Il Comune di Follonica ha partecipato all’iniziativa bellezza@governo.it, promossa dalla Presidenza del Consiglio dei Ministri, per la quale sono stati messi a disposizione 150 milioni di euro per il recupero di luoghi dimenticati.
“Un’occasione, quella lanciata dal Governo – dice l’assessore Barbara Catalani – che l’istituzione comunale ha colto senza indugio, poiché risponde alle finalità e agli obiettivi che l’Amministrazione sta portando avanti da anni con il progetto generale di recupero dell’area dismessa. La volontà di recuperare un complesso di grande interesse archeologico industriale – continua l’assessore Catalani – e lo sforzo per una trasformazione e riqualificazione dello spazio da industria del ferro a industria culturale e creativa, con possibilità di sviluppo a livello turistico ed economico, ha dato già i suoi frutti con la restituzione di numerosi luoghi significativi come il Teatro Fonderia Lepolda, il museo Magma, uno spazio espositivo-fieristico in Fonderia 1, i nuovi spazi per le imprese nell’ex Officina Cilindri per citare solo gli ultimi restauri”.

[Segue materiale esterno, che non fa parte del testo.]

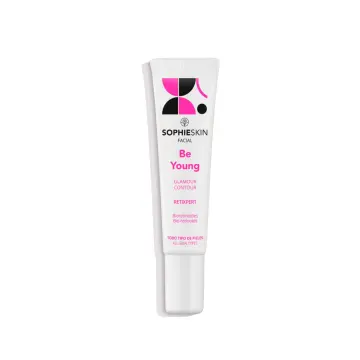 Sophieskin Be Young Glamour Eye Contour Cream, 15 ml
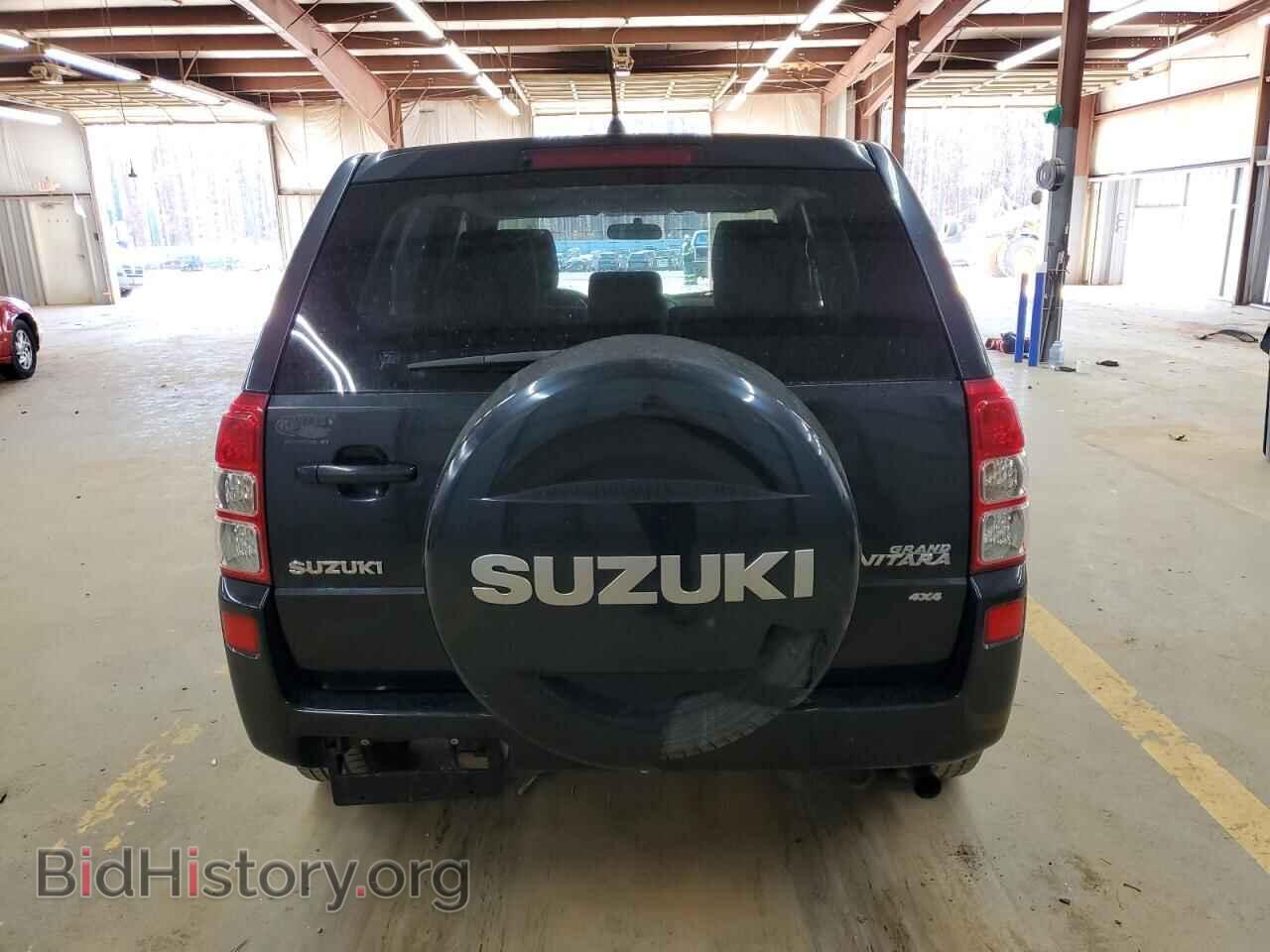 2011 SUZUKI GR VITARA - VIN: JS3TD0D26B4100811 - Фото 6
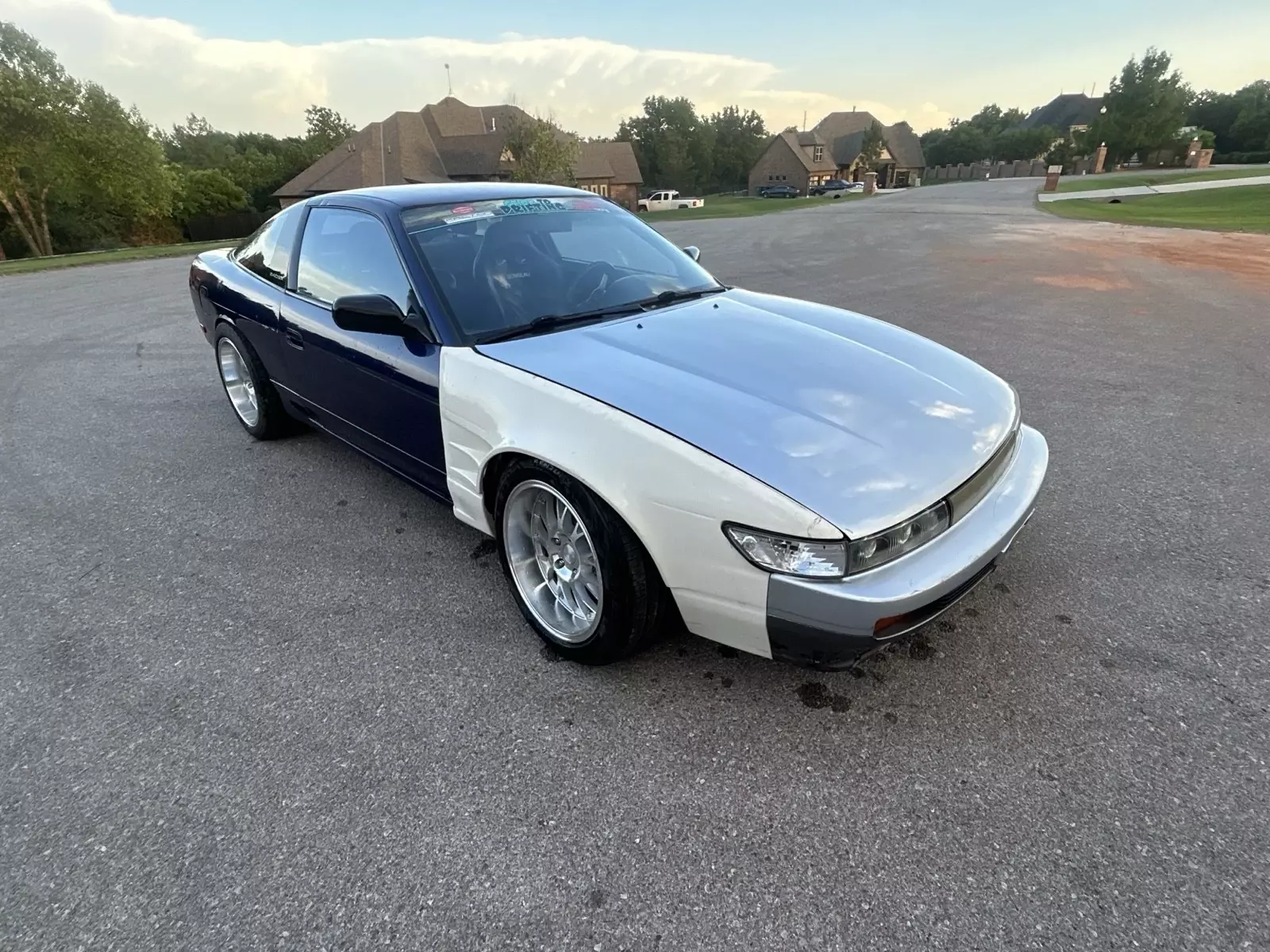 1990 Nissan 240SX SE - photo 11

Se molti edifici dell’ex ilva a Follonica sono stati restaurati e hanno accolto la loro nuova destinazione, altri fabbricati significativi ancora necessitano di interventi di ristrutturazione e riqualificazione. La segnalazione al Governo dunque riguarda: il suggestivo Carbonile, un “prolungamento” del Museo Magma che per l’articolazione degli ambienti si presta a divenire uno spazio espositivo per opere, installazioni e performance artistiche; la Torre dell’orologio, uno dei fabbricati storicamente e architettonicamente più interessanti di tutta la Città fabbrica; la casa con torretta, risalente al XVII secolo e che ospitò la prima ferriera; la centralina elettrica e gli alloggi dei dipendenti.
“Un progetto – conclude l’assessore Catalani – non solo architettonico e urbanistico, ma un progetto culturale, che restituisce alla città luoghi che hanno perso la loro funzione originaria ma rinascono a nuova vita offrendo servizi culturali, con ricadute anche in ambito sociale ed economico. L’area, di notevole valore archeologico industriale, ha anche una forte valenza identitaria per la comunità follonichese, poiché accoglie la memoria storica della città, nata grazie alla sua industria”.